The frictions blighting Europe's football dreams

Text by Benjamin DODMAN

Latest update : 2010-06-21

Their players are global superstars and their clubs dominate the world, but European nations have got off to a shocking start at the World Cup – and anarchy has spread to their camps.

When European teams took all four semi-final slots at the last World Cup in 2006, it looked as though the “Old Continent” had reasserted its control over a game it has traditionally claimed as its own.

Four years on, Europe’s football superpowers have been left looking red-faced after a series of embarrassing results; and to make matters worse, a whiff of mutiny has spread through the camps.

Embarrassment on the pitch

While Central and South American nations have glided through the group stage so far, many in Europe’s numerous contingent have been found wanting.
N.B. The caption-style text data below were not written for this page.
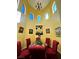 Charming dining area featuring high ceilings, arched windows, and colorful decor at 3780 E Kellogg Rd, Pahrump, NV 89061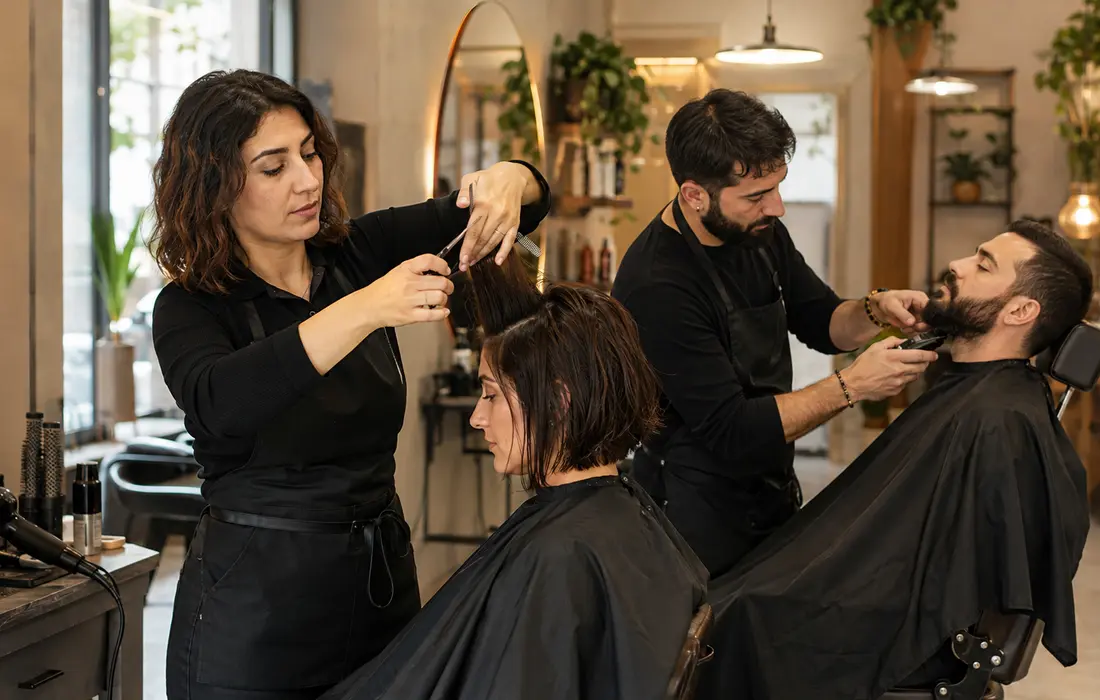 Modern kuaför salonunda saç kesimi ve şekillendirme yapan kuaförler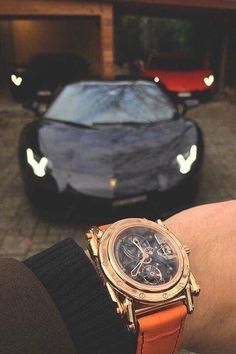 A person is wearing a luxurywatch in front of a lamborghini.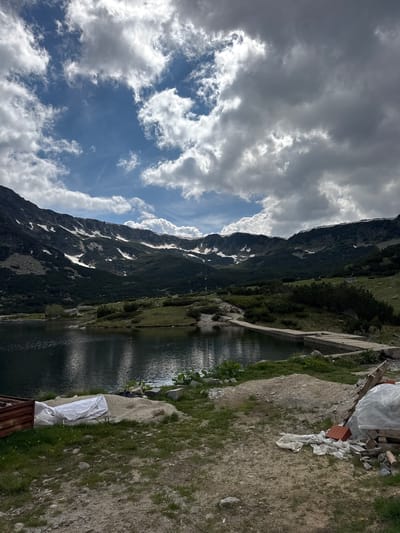 The image depicts a scenic mountain lake landscape in Avramovo, Bulgaria. The foreground shows a gravelly area with some construction debris, including a white tarp, a rusty metal structure, and piles of sand and bricks. A dark, still lake occupies the middle ground, reflecting the sky and surrounding mountains. The far background is dominated by a majestic mountain range, with dark green pine forests covering its lower slopes and patches of snow visible on the higher elevations. The sky is a dramatic mix of bright blue and heavy, white and grey clouds, suggesting dynamic weather. The scene is natural and serene, with a touch of human presence in the form of the construction materials in the foreground.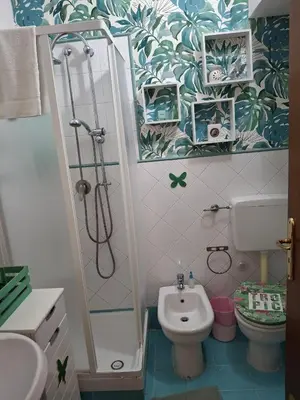 a small bathroom with a shower and a toilet at Loft CASA PROFESSA 1 in Palermo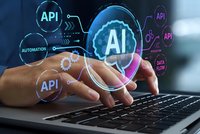 Businessman hands typing on laptop with glowing AI and API technology icons floating above keyboard for software development and automation solutions.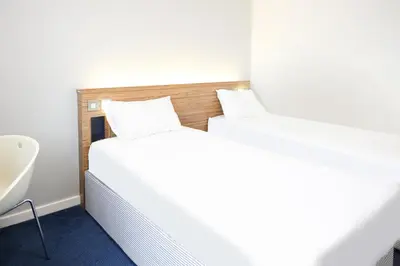 two beds in a room with a sink and a tub at GO2 Lancaster Centre Hotel by OYO in Lancaster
Spain, the current European champions and the tournament’s hot favourites, slumped to a shock defeat in their first game, albeit against another European nation, the unfancied Swiss.

But the performances of three other European heavyweights – England, France and Italy – have prompted the harshest criticism so far.

France, whose qualification at the expense of Ireland was aided by an infamous handball, are virtually out of the competition after mustering just one point in two games.

England and defending champions Italy have fared marginally better, picking up two points each in as many games. But their poor performances against, respectively, Algeria and New Zealand, have left both teams looking utterly clueless.

Italy could do little more than throw high balls at their attackers, despite the fact that the average Kiwi defender was a full six inch taller. As for the England players, they appeared incapable of even controlling the ball, let alone passing it.

Farce in the dressing room

The Italians, whose ability to show unity on the football pitch contrasts markedly with the country’s politics, may yet rally to save their campaign. The same appears less likely of the French and English.

France’s campaign went from bad to worse on Saturday when star striker Nicolas Anelka was spectacularly fired after allegedly refusing to apologise for a foul-mouthed rant aimed at coach Raymond Domenech.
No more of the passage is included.